In this article, we proposed a novel and efficient compact finite difference scheme for variable-order-time fractional-sub-diffusion equations of the fourth order. The core of our method is to use the reduced-order method to simplify the equation and implement a second-order temporal discretization formula to develop the difference scheme. The robustness of our proposed scheme is thoroughly validated through rigorous theoretical analysis.
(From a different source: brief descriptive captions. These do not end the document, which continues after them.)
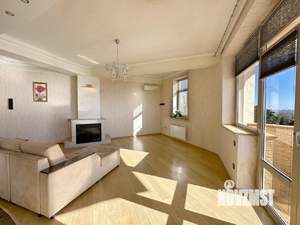 2-к квартира, вторичка, 91м2, 7/12 этаж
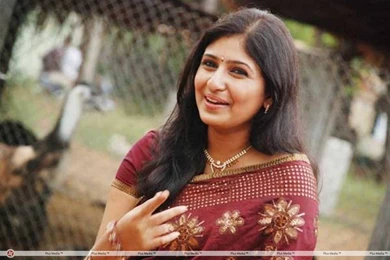 South Indian Actress Monika Wallpapers Gallery  All Indian Actresses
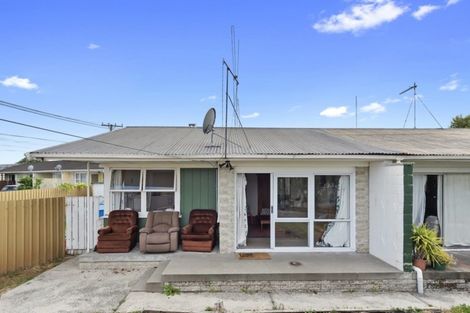 Photo of property in 14a Gadsby Place, Hamilton East, Hamilton, 3216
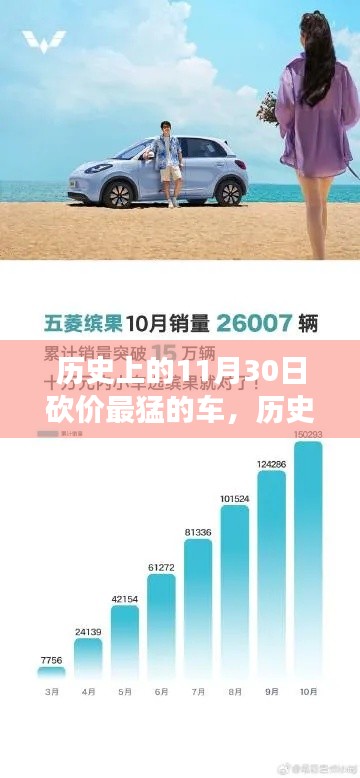 公司概况 第507页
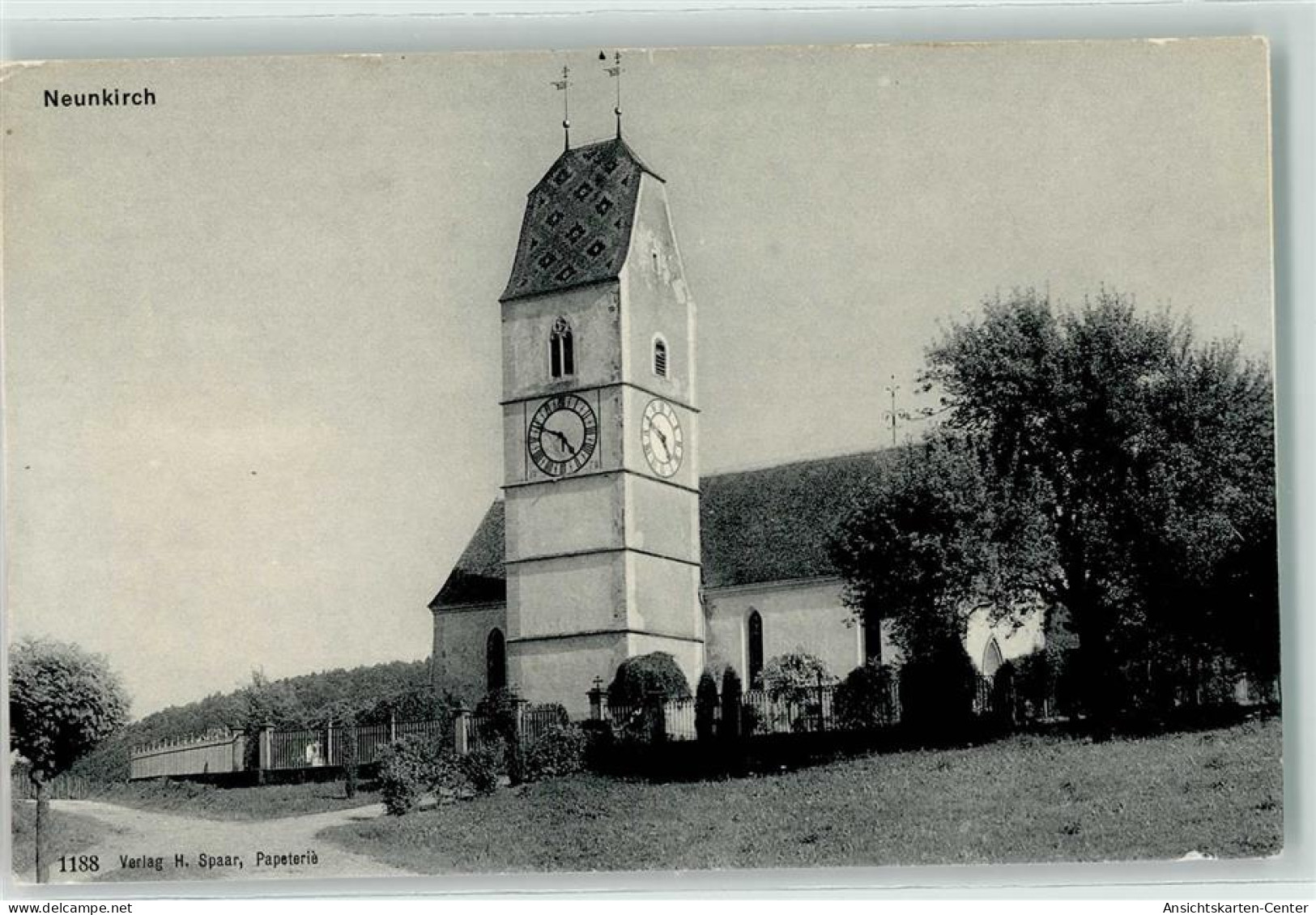 10593006 - Neunkirch - Sonstige & Ohne Zuordnung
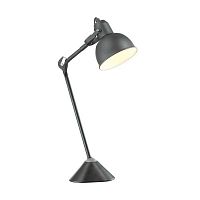 настольная лампа odeon light arta 4125/1t в Симферополе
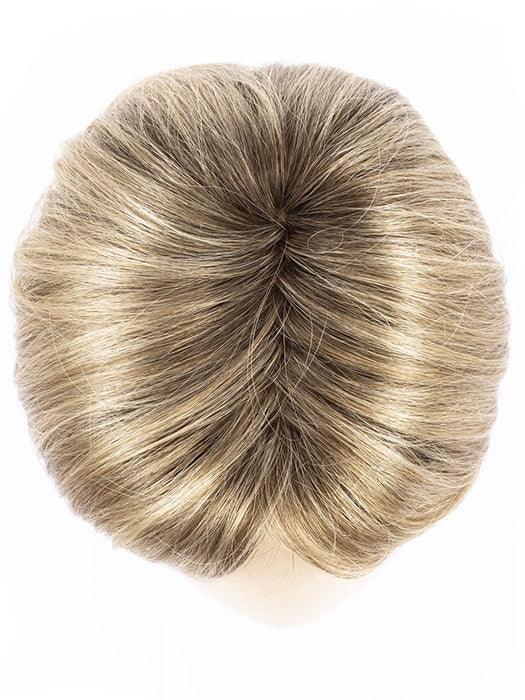 Piemonte Super | Modixx Collection | Synthetic Wig - Buy Wigs USA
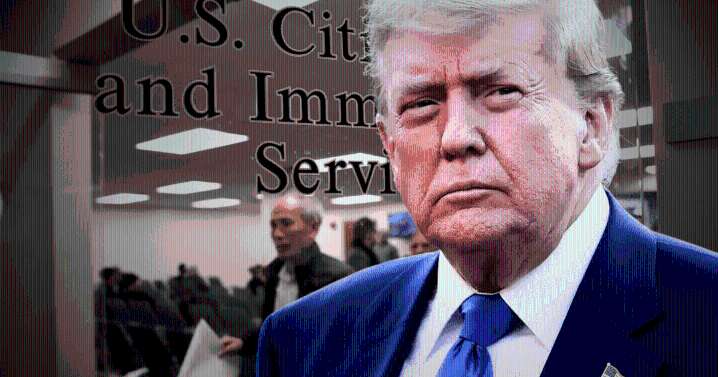 USCIS confirma que inmigrantes pueden ser sentenciados hasta 210 meses de prisión si cometen este grave delito en EEUU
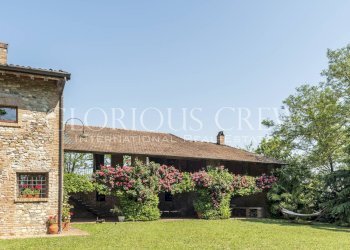 Villa Unifamiliare Gazzola, Gazzola - foto 4
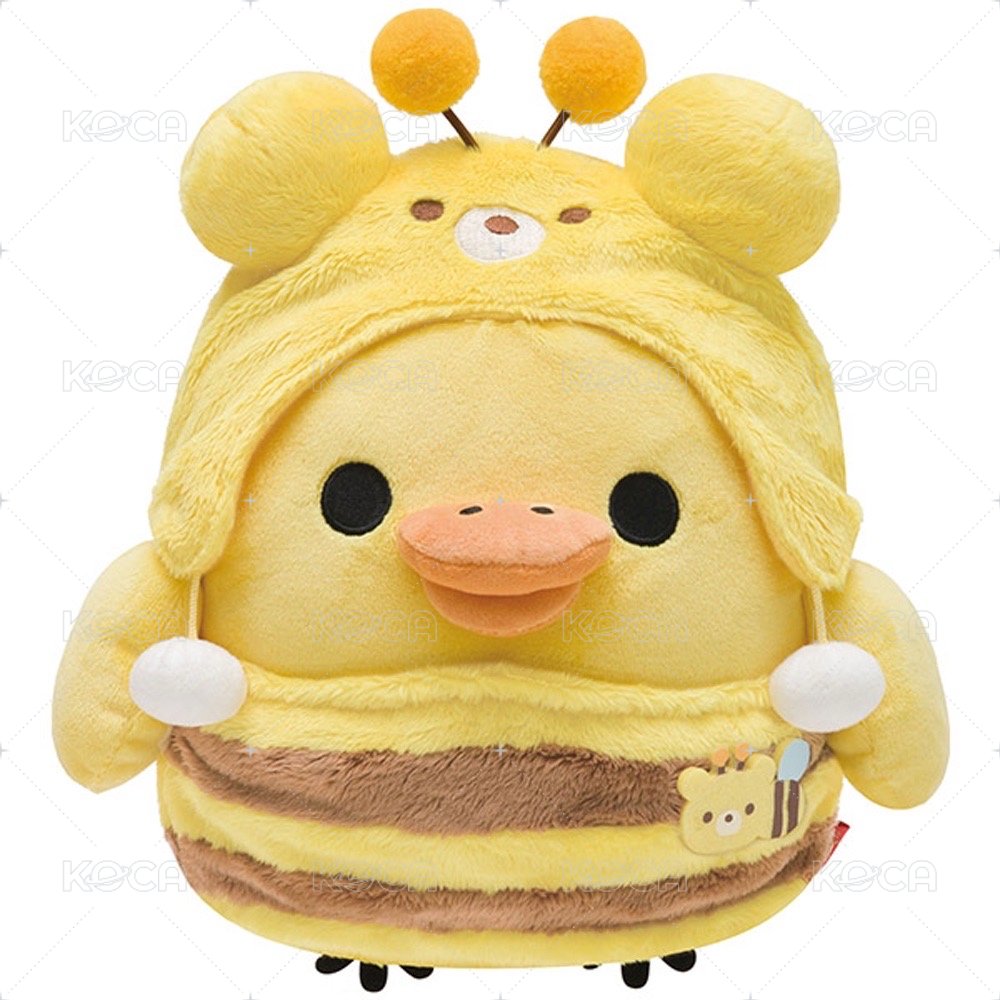 S娃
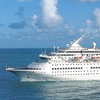 Norwegian Cruise Line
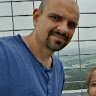 Balázs Pudner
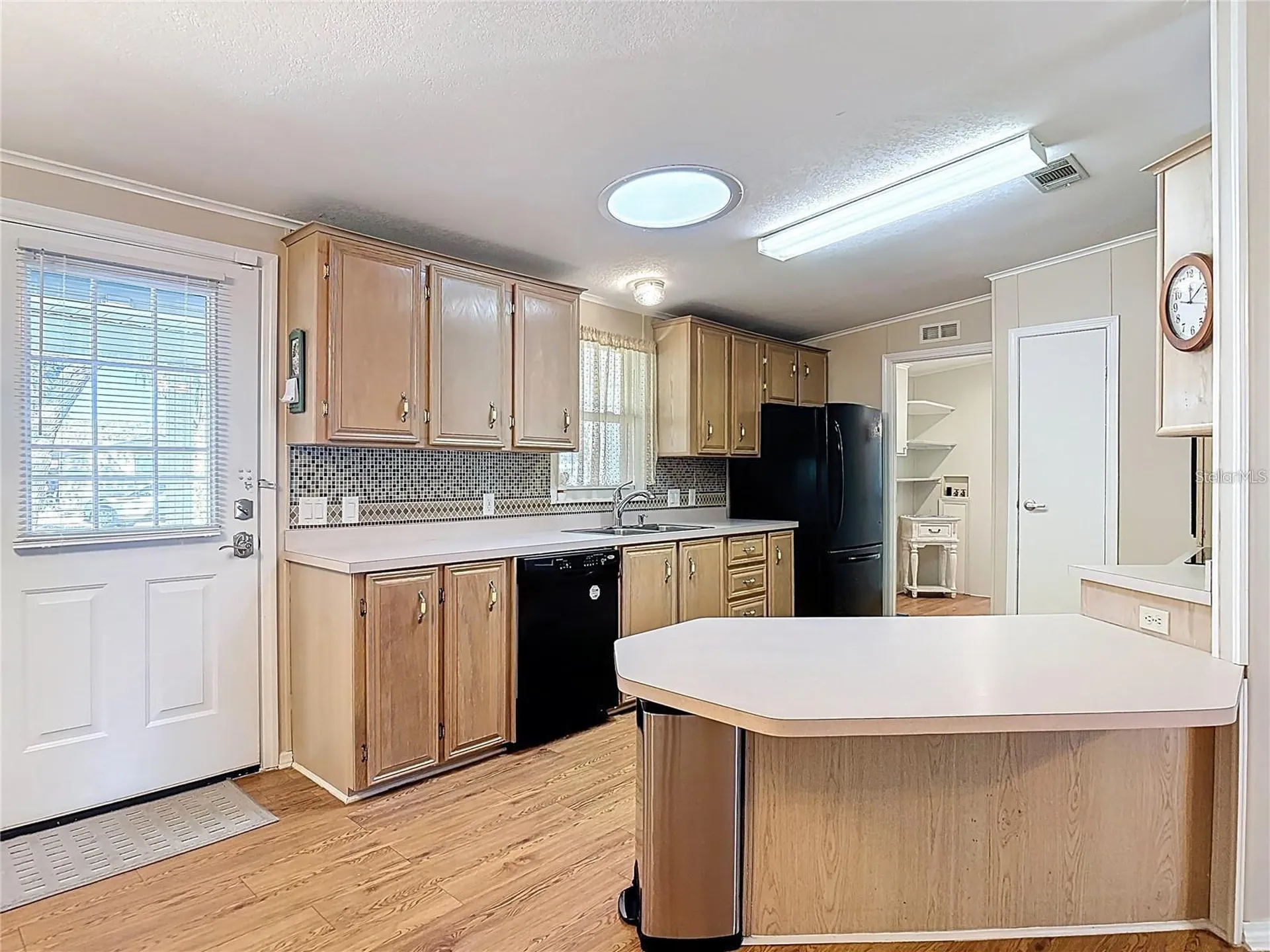 25533 Belle Helene Leesburg FL 34748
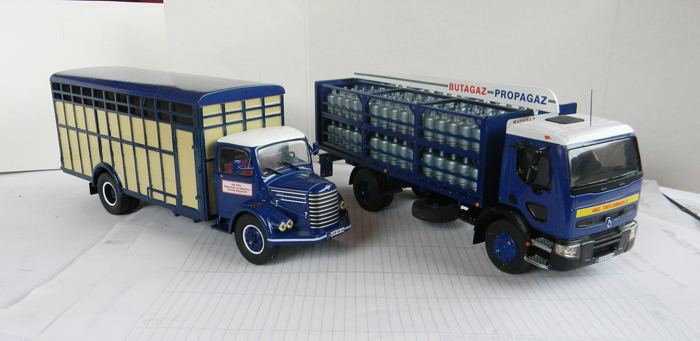 Unic et Premium 1A.jpg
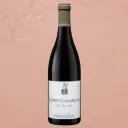 Dufouleur Père & Fils Gevrey Chambertin 'Les Evocelles', Burgundy, France 2020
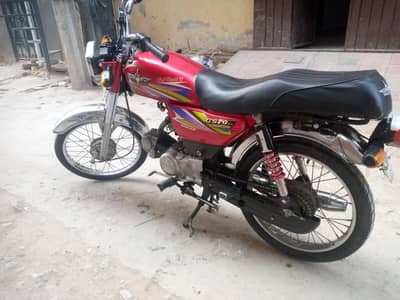 union star 2020 model for sale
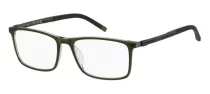 Tommy Hilfiger TH 2141 1ED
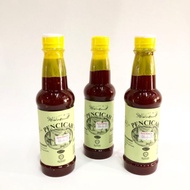 Pencicah Keropok Aqila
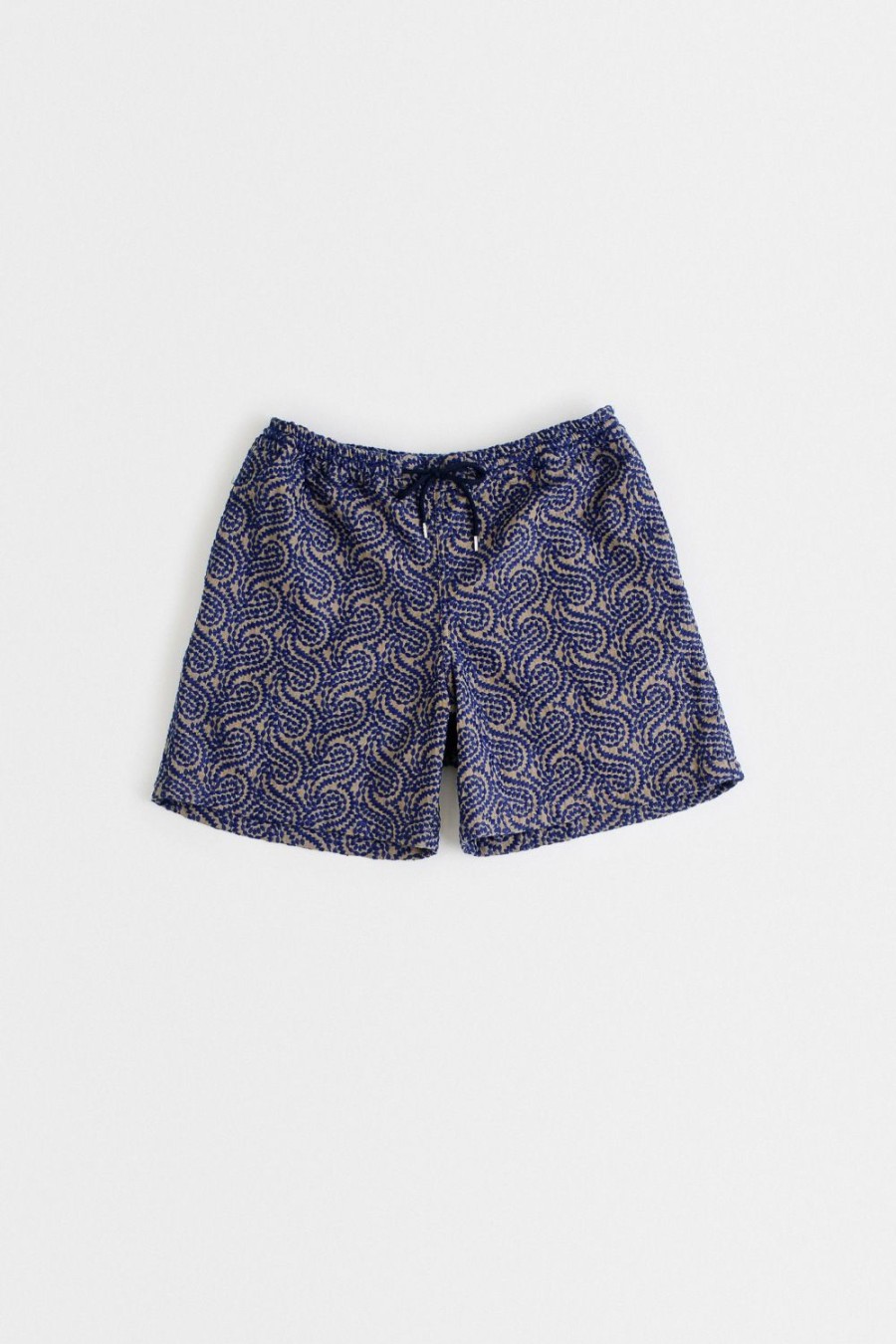 A Kind of Guise Volta Shorts (Akog Exclusive)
We have comprehensively proven the solvability, stability, and convergence of the scheme, ensuring that it is effective and reliable for practical applications. Numerical tests further demonstrate the scheme’s efficacy. Looking ahead, integrating cutting-edge high-order temporal methodologies, mainly designed for time-fractional equations as in reference [27], into our framework offers a promising avenue for enhancing accuracy.